[Record set]:
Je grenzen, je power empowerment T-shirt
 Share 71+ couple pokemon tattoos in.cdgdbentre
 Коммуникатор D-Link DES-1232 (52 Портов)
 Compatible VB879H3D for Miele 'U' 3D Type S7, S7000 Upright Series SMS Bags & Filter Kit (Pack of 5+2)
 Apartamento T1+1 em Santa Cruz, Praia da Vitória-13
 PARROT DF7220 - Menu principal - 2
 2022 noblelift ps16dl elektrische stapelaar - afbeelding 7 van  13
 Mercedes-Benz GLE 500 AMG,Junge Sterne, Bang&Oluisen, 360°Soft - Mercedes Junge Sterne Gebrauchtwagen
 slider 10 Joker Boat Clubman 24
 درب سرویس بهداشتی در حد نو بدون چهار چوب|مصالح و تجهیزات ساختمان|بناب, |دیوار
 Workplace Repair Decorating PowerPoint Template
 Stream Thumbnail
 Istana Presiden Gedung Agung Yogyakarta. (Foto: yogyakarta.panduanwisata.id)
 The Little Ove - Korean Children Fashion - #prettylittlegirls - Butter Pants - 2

[Work instruction]:
Each line of the data must be retyped exactly.

[Completed task]:
Je grenzen, je power empowerment T-shirt
 Share 71+ couple pokemon tattoos in.cdgdbentre
 Коммуникатор D-Link DES-1232 (52 Портов)
 Compatible VB879H3D for Miele 'U' 3D Type S7, S7000 Upright Series SMS Bags & Filter Kit (Pack of 5+2)
 Apartamento T1+1 em Santa Cruz, Praia da Vitória-13
 PARROT DF7220 - Menu principal - 2
 2022 noblelift ps16dl elektrische stapelaar - afbeelding 7 van  13
 Mercedes-Benz GLE 500 AMG,Junge Sterne, Bang&Oluisen, 360°Soft - Mercedes Junge Sterne Gebrauchtwagen
 slider 10 Joker Boat Clubman 24
 درب سرویس بهداشتی در حد نو بدون چهار چوب|مصالح و تجهیزات ساختمان|بناب, |دیوار
 Workplace Repair Decorating PowerPoint Template
 Stream Thumbnail
 Istana Presiden Gedung Agung Yogyakarta. (Foto: yogyakarta.panduanwisata.id)
 The Little Ove - Korean Children Fashion - #prettylittlegirls - Butter Pants - 2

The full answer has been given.